Not everything is worded in a way to get you to click. Some messages are about fear. How do you tell the difference?
There are several types of scams out there, ranging from messages to get you to hand over your social media account details to messages meant to convince you to give up your bank account details, but as similar as these can be, they’re typically not angry in their tone. Hopeful and potentially demanding, scam messages want you to click on them, and to avoid checking out the email addresses they come from, because that can ruin their approach entirely and is clearly something you should do.
But some scams can come across threatening, and some threatening emails aren’t even scams, so how do you tell the difference between a threat and a scam? And if you are threatened over email or phone, what should you do?
Threat or scam?
Threats aren’t typically scams, because scammers want to give you a reason to click. Accepting a package, thwarting would-be hackers from breaking into your account, and being given money are all pretty standard approaches for scams, and imitating government websites, banks, lenders, and social media companies typically mean the language has to be fairly neutral and look properly professional, so threats aren’t part of the game.
But some criminals may use threats if they’re trying to force your hand, because understandably, fear can be a pretty serious driver to making you do things.
However it’s worth noting the differences are there, and it’s not just about the language, but the intent of what the message hopes to gain. While threats can be about gain, they tend to be different from the immediate type of gain a scammer is looking for. Both are criminals, but for different reasons.

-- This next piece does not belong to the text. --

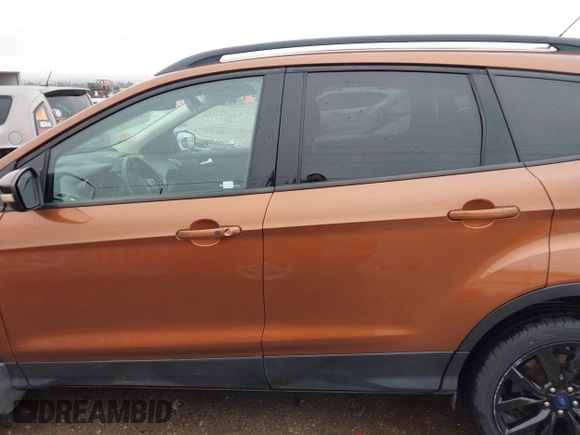 2017 Ford Escape Titanium with VIN 1FMCU9J99HUB75687, listed as a IAAI auction lot 41180789 with 108,967 mi miles. Bid and sale history available at carsss.com. Image 15.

“Threats and scams can often be intertwined, but the key difference is around the danger that they present to the person on the receiving end,” said Tim Falinski, Managing Director of Trend Micro in the Asia Pacific region.

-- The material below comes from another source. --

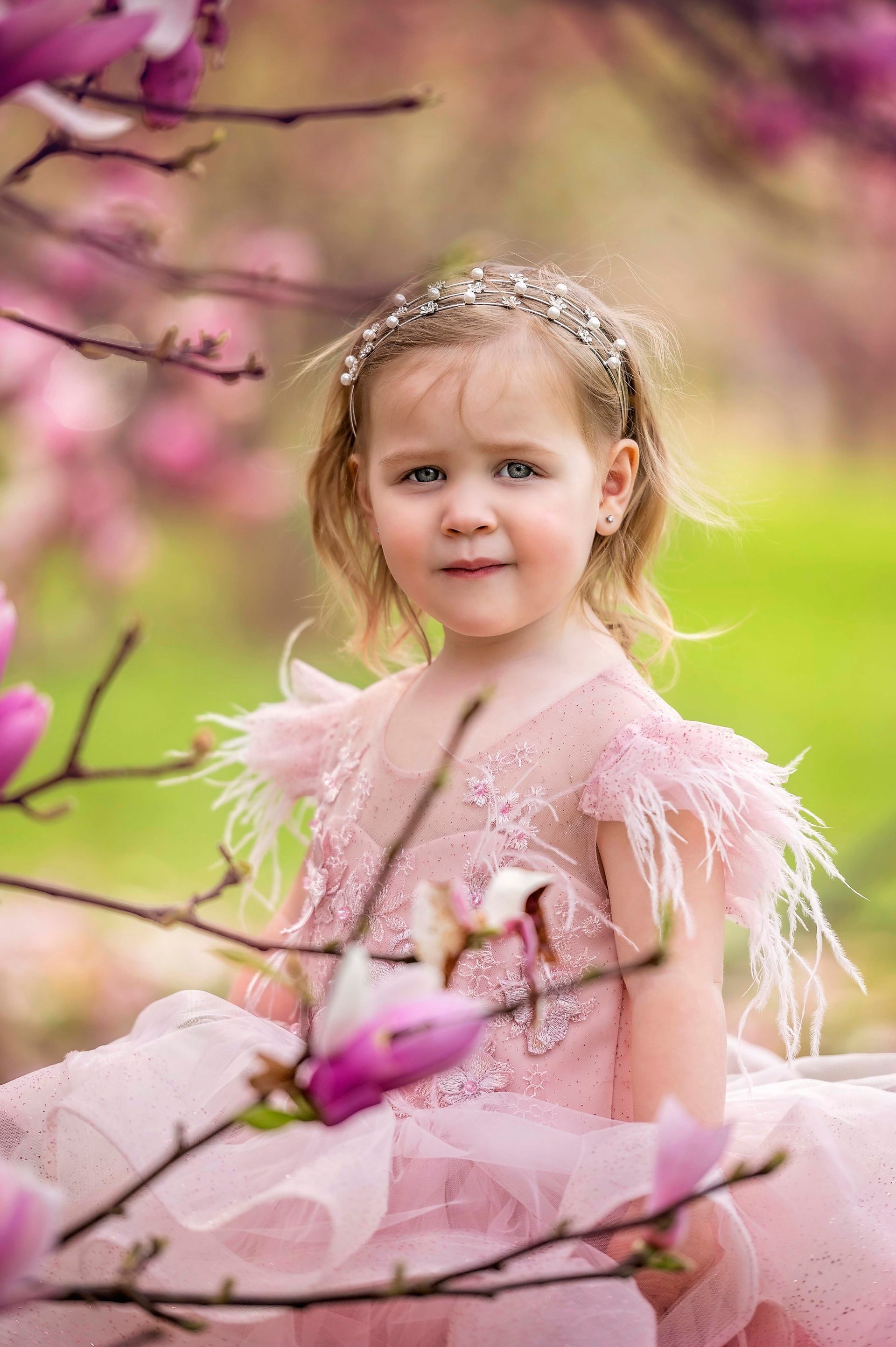 Young girl in pink dress and bejeweled headband poses among pink flowers.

“While scams attempt to trick people into handing over their personal information or money without creating a sense of danger, threats are often much more aggressive and targeted, making people feel unsafe by using intimidation tactics to pressure them into paying up. They often contain ultimatums of being arrested, threatened legal action or physical harm if the receiver doesn’t cooperate,” he said.
“Additionally, ransomware scams use the threat of not giving people back their data, or using their data in a malicious way if they don’t pay the ransom.”

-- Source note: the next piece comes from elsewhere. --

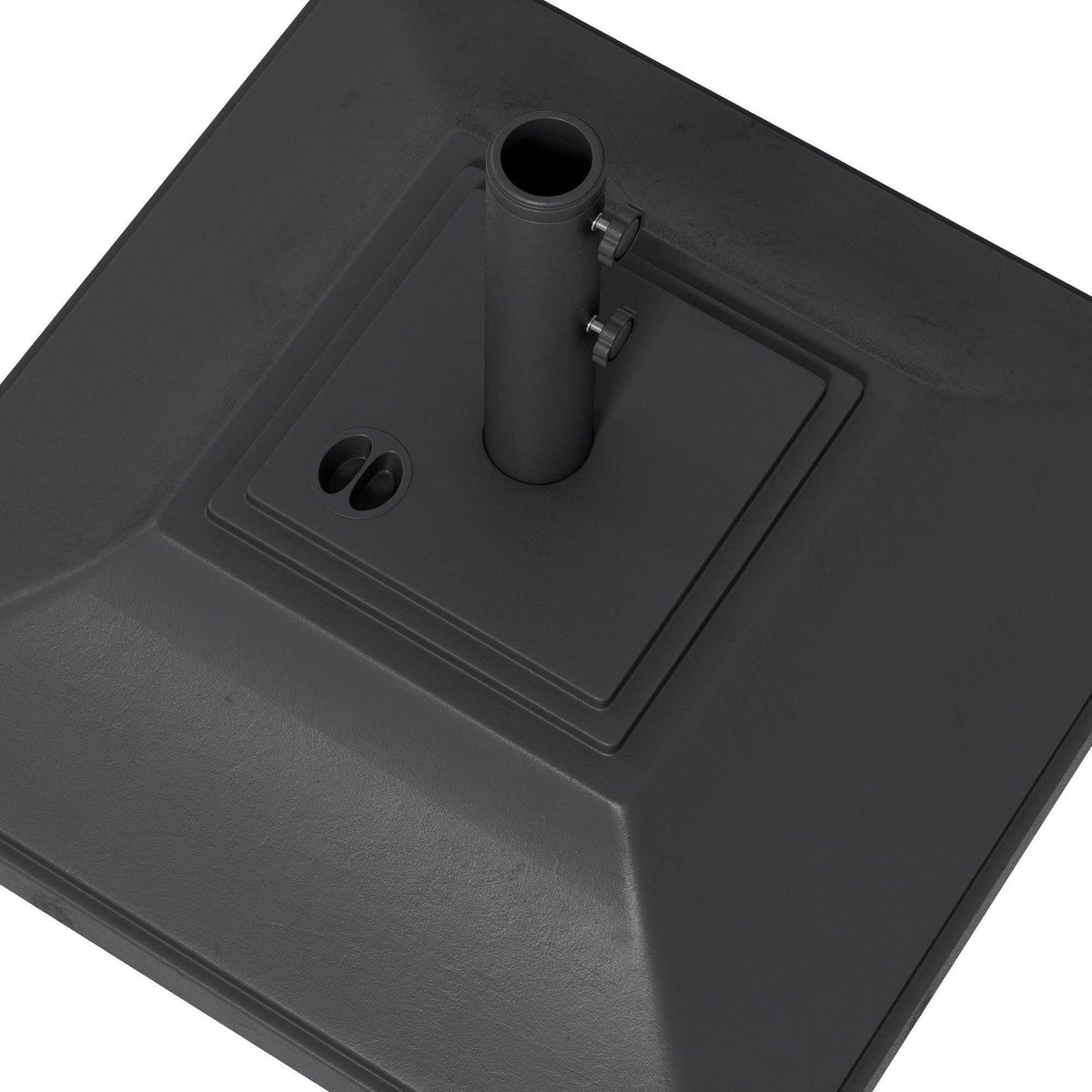 Close-up of black umbrella base top plate with center tube opening and small side holes.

While scam messages won’t typically start with a threat, they can also evolve into something threatening, particularly if a criminal intends to push that aggressive tone into something further.
It’s something McAfee’s Cybermum and Online Consumer Safety Advocate Alex Merton-McCann mentioned to Pickr, highlighting that while scammers typically target the vulnerable for financial gain, there are times when criminals will attempt to frighten victim into a state that makes them easily persuaded.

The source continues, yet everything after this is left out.